Signs that encourage parents or children to believe they have added protection (which they do not) can do more harm than good. Children should not be encouraged to play in the street. Federal standards reject these signs because they openly suggest that playing in the street is acceptable. Since children live on nearly every residential block, there would have to be signs on every residential street. Blocks with no signs might imply that no children live there, so it is okay to speed. Specific warnings for schools and crosswalks are available for use where they clearly serve a purpose. Warning signs can be effective tools if used sparingly and only to warn motorists of uncommon hazards that are not apparent to drivers.
Traffic signals don’t always prevent accidents. In most cases, accidents and severe injuries increase after they are installed. When signals are installed, right-angle collisions are generally reduced, but total accidents increase, especially rear-end collisions.
Traffic engineers consider the following points when deciding if a traffic signal will help more than it will hurt:
- Does the number of vehicles entering the intersection create congestion?
- Is traffic so heavy that drivers on the side street try to cross when it is unsafe?
- Does the number of school children or pedestrians crossing the street require special controls? If so, is a traffic signal the best solution?
- Will a traffic signal allow for a smooth flow of traffic and avoid negatively impacting a nearby signal?
- Does an intersection’s accident history indicate a signal will reduce the possibility of a collision?
Traffic Engineers compare existing conditions against nationally accepted standards established after years of study throughout the country. Under these conditions, a signal is more likely to operate effectively. If established standards are not met, conditions may result which cause more crashes.
STOP signs installed in wrong places usually create more problems than they solve. Many requests are received for STOP signs to interrupt traffic or to slow speeding vehicles.
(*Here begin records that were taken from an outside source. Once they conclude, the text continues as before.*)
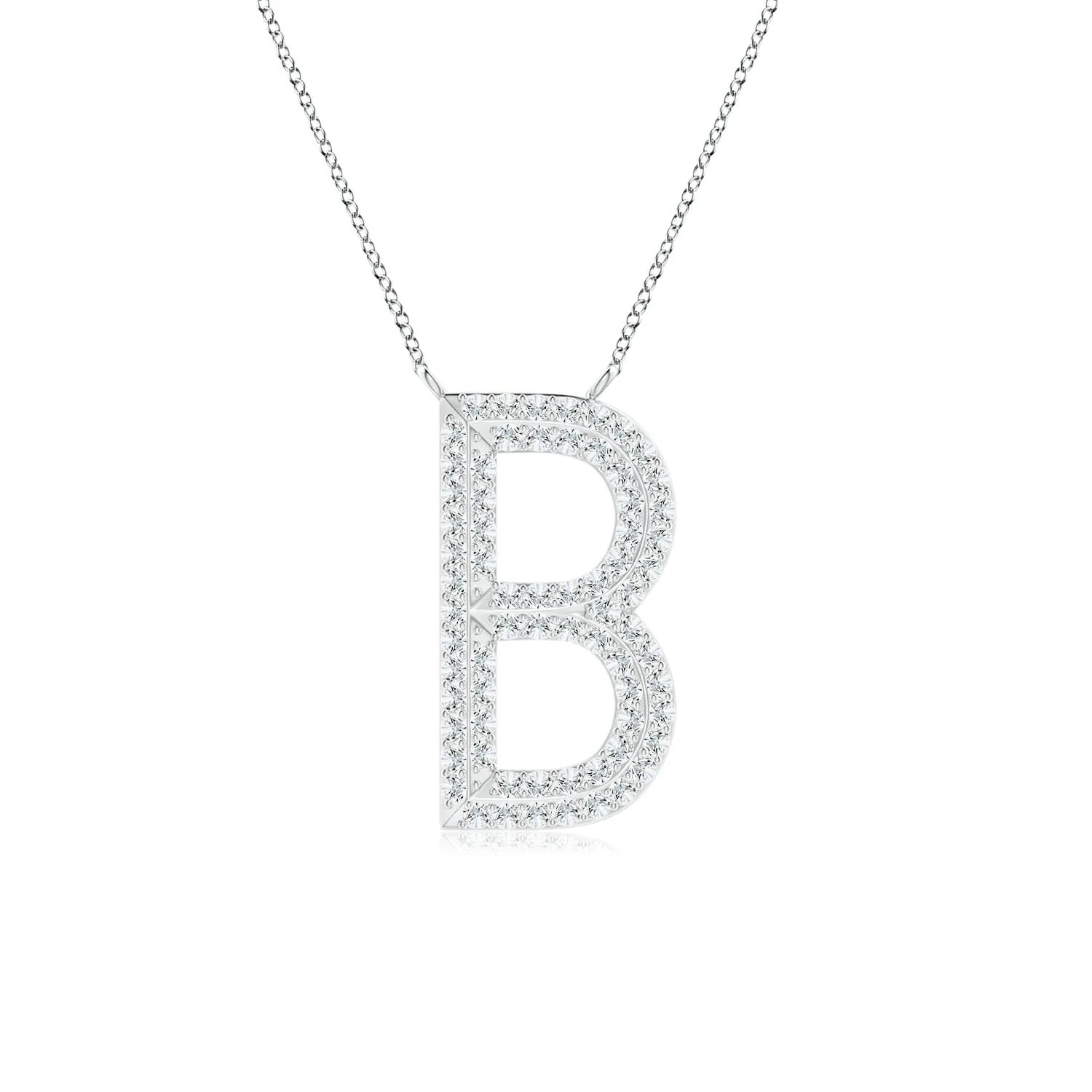 1.2 MM Prong-Set Diamond Capital "H" Initial Pendant in 18K White Gold - Image 6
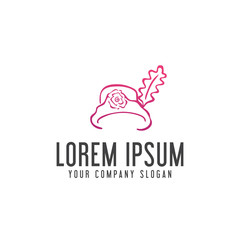 hat woman logo design concept template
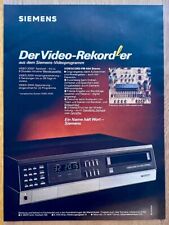 Siemens Videorecorder Video 2000 Original 1982 Vintage Advert Werbung Reklame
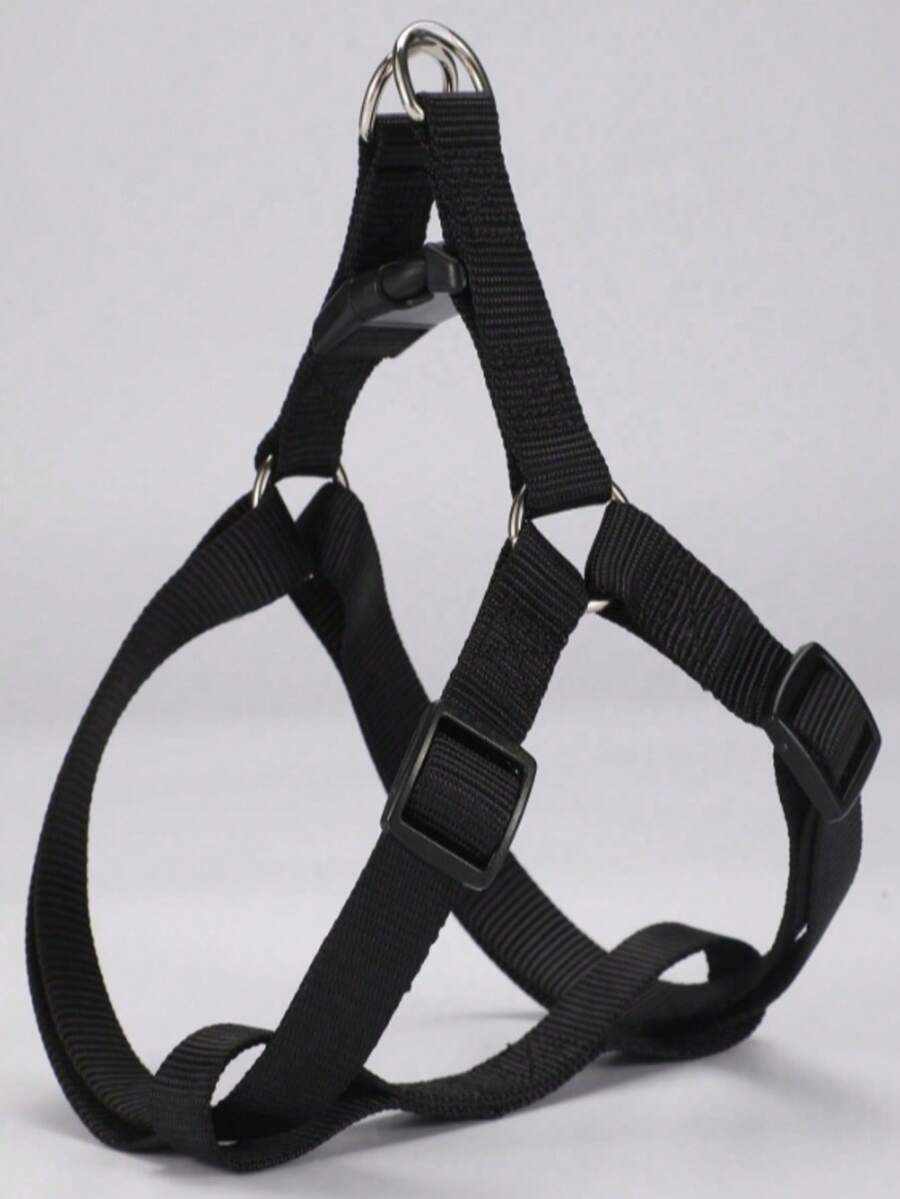 A Nylon Adjustable Pet Triangle Harness Suitable For Home Or Outdoor Use.Nylon Durable Dog Harness, Adjustable No-Pull Pet Vest Harness With Quick Release Buckle, Comfortable Walking Training Harness For Small Medium Large Dogs.Heavy Duty Nylon Dog Harness, Adjustable Reflective Pet Harness, No Pull No Choke Walking Harness For Dogs, Suitable For Small Medium Large Breeds. - Black - View 1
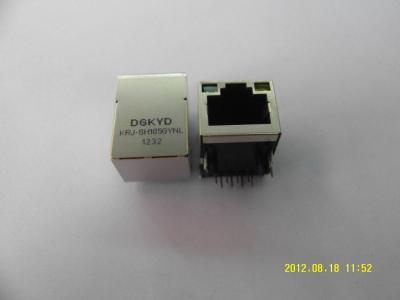 China 21.4mm 100M 1x1 Kraan op RJ45-de Schakelaar van PCB, Verticale schakelaarstop/rj45 Modulaire Jack met LEDS Te koop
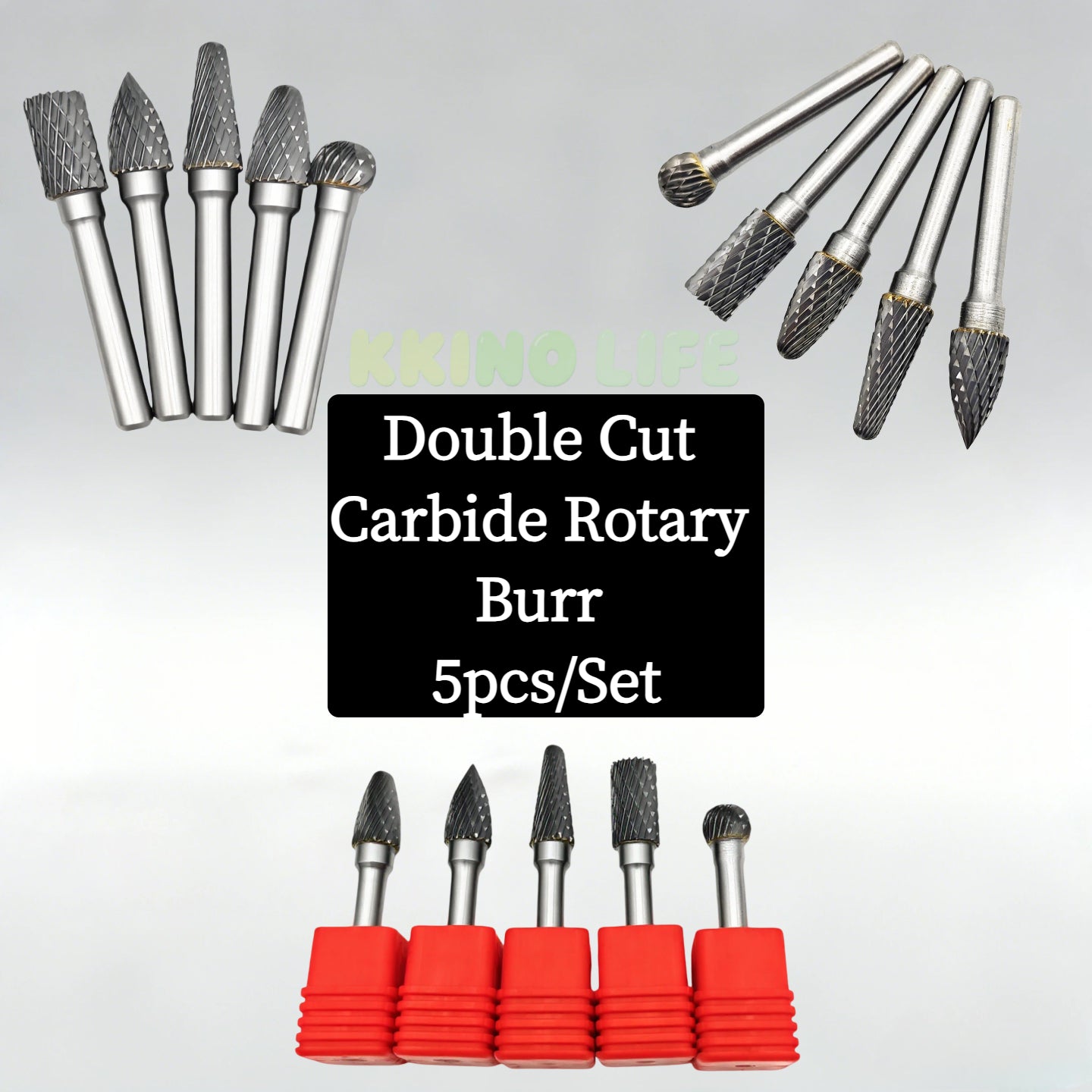 6mm x 10mm Head Tungsten Steel Carbide Rotary Burr Bur Die Grinder Bit 3/8 Inch Diameter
However, studies across the country show that there is a high number of intentional violations when STOP signs are installed as nuisances or speed breakers. Studies show that speed was reduced in the immediate vicinity of nuisance STOP signs. However, speeds were higher between intersections than before the signs were installed. This is caused by motorists “making up for lost time.” So-called nuisance STOP signs also increase air pollution, waste fuel, and create more traffic noise. Most drivers are reasonable and prudent. When confronted with unreasonable and unnecessary restrictions, motorists are more likely to violate them, and they usually develop contempt for all traffic signs...potentially with tragic results.